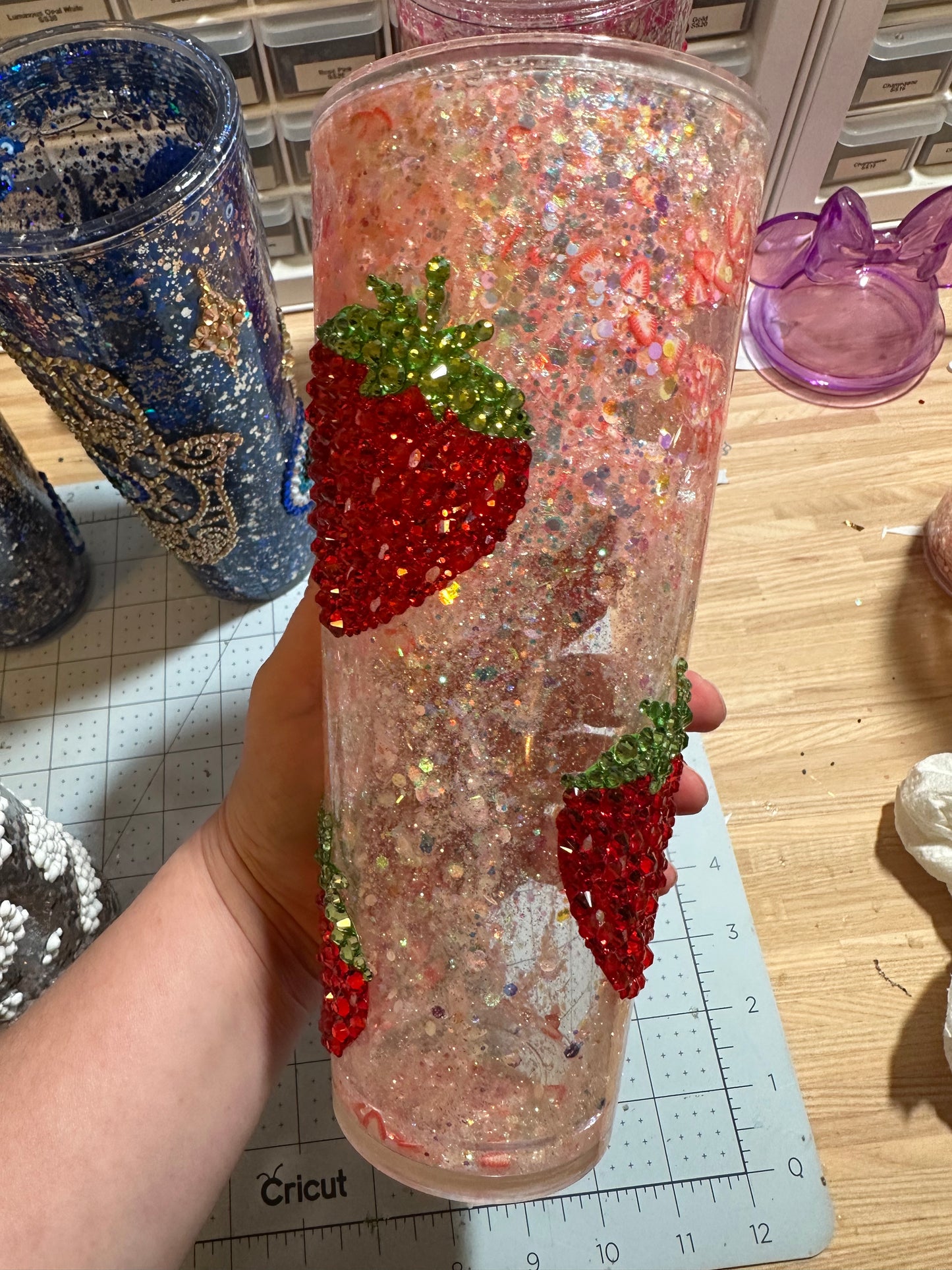 Strawberry Baby Snow Globe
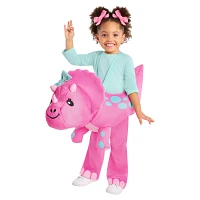 Toddler Pink Dino Ride-Along Costume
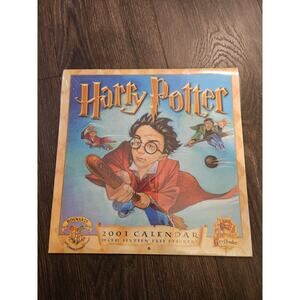 Harry Potter 2001 Calender with 16 free stickers. New old stock.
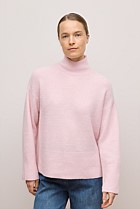Alpaca Merino Blend Relaxed Mock Neck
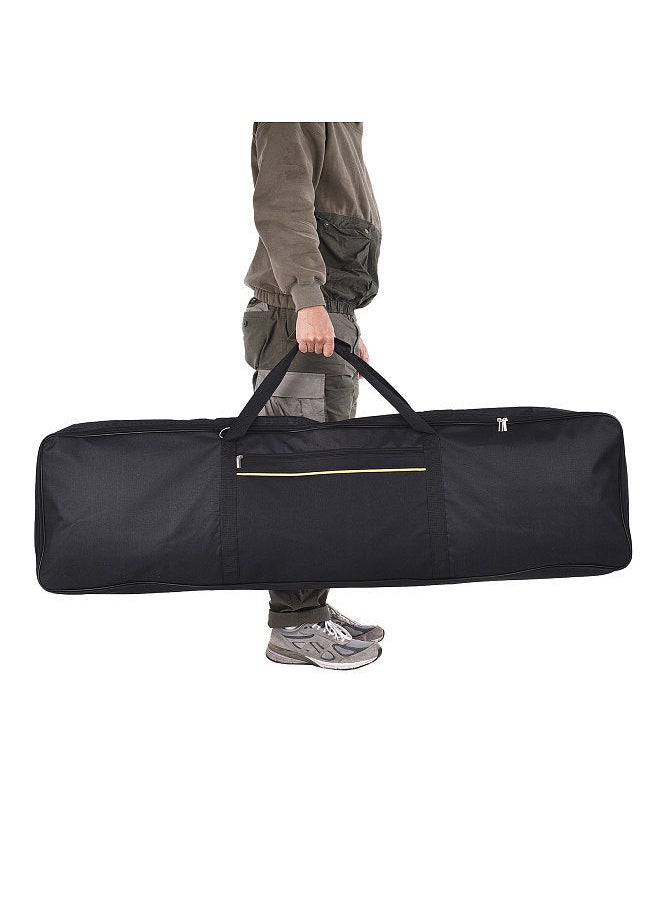 Generic - 88-Key Keyboard Carry Bag Electric Piano Padded Case Gig Bag Zippered Closure With Top Handle (Bag Webbing Color Random Delivery ) - Image 1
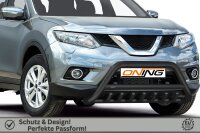 Frontbügel mit Unterbodenschutz für Nissan X-Trail T32 2014-2017 SCHWARZ 70mm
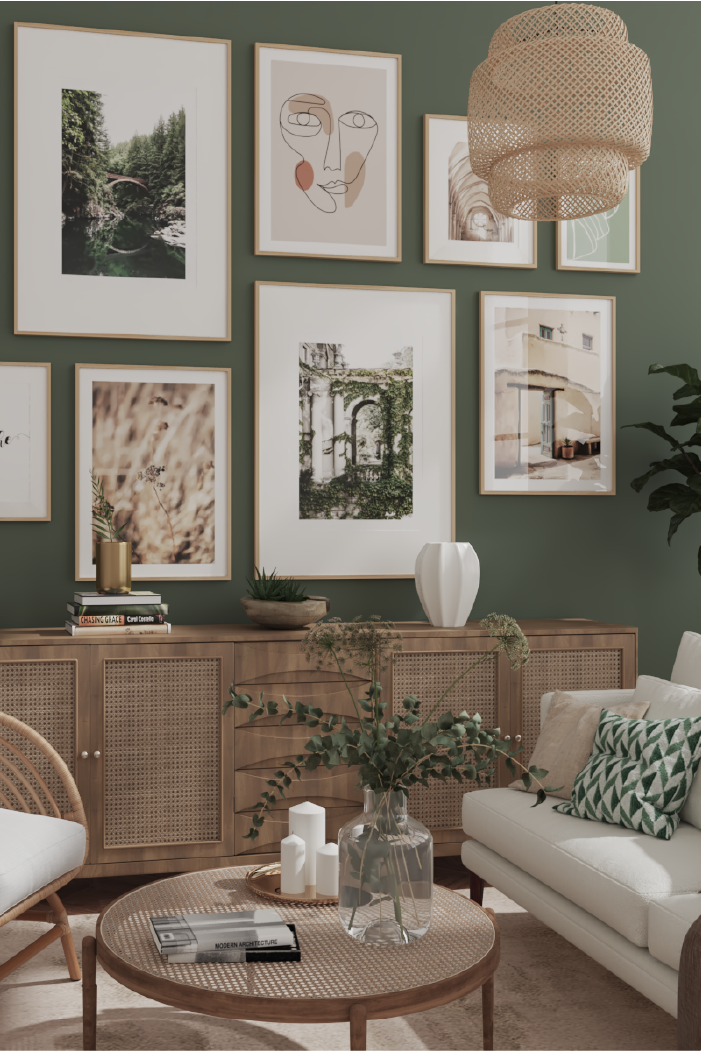 Pillar Covered by Plant Poster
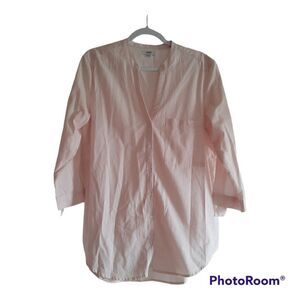 Kensie Jeans Striped Tie Sleeve Button Up Shirt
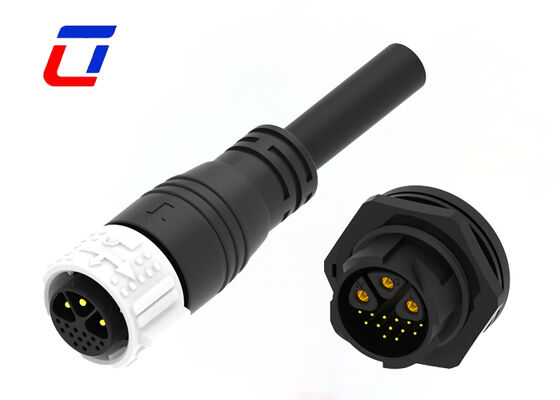 M25 3+13 Pin Waterproof Connectors For Landscape Lighting Outdoor Cable Connector Wholesalers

WHAT THE TASK ASKS:
A verbatim copy of the records above, without pictures, is required.

EXERCISE RESULT:
 Strawberry Baby Snow Globe
 Toddler Pink Dino Ride-Along Costume
 Harry Potter 2001 Calender with 16 free stickers. New old stock.
Alpaca Merino Blend Relaxed Mock Neck
 Generic - 88-Key Keyboard Carry Bag Electric Piano Padded Case Gig Bag Zippered Closure With Top Handle (Bag Webbing Color Random Delivery ) - Image 1
 Frontbügel mit Unterbodenschutz für Nissan X-Trail T32 2014-2017 SCHWARZ 70mm
 Pillar Covered by Plant Poster
 Kensie Jeans Striped Tie Sleeve Button Up Shirt
 M25 3+13 Pin Waterproof Connectors For Landscape Lighting Outdoor Cable Connector Wholesalers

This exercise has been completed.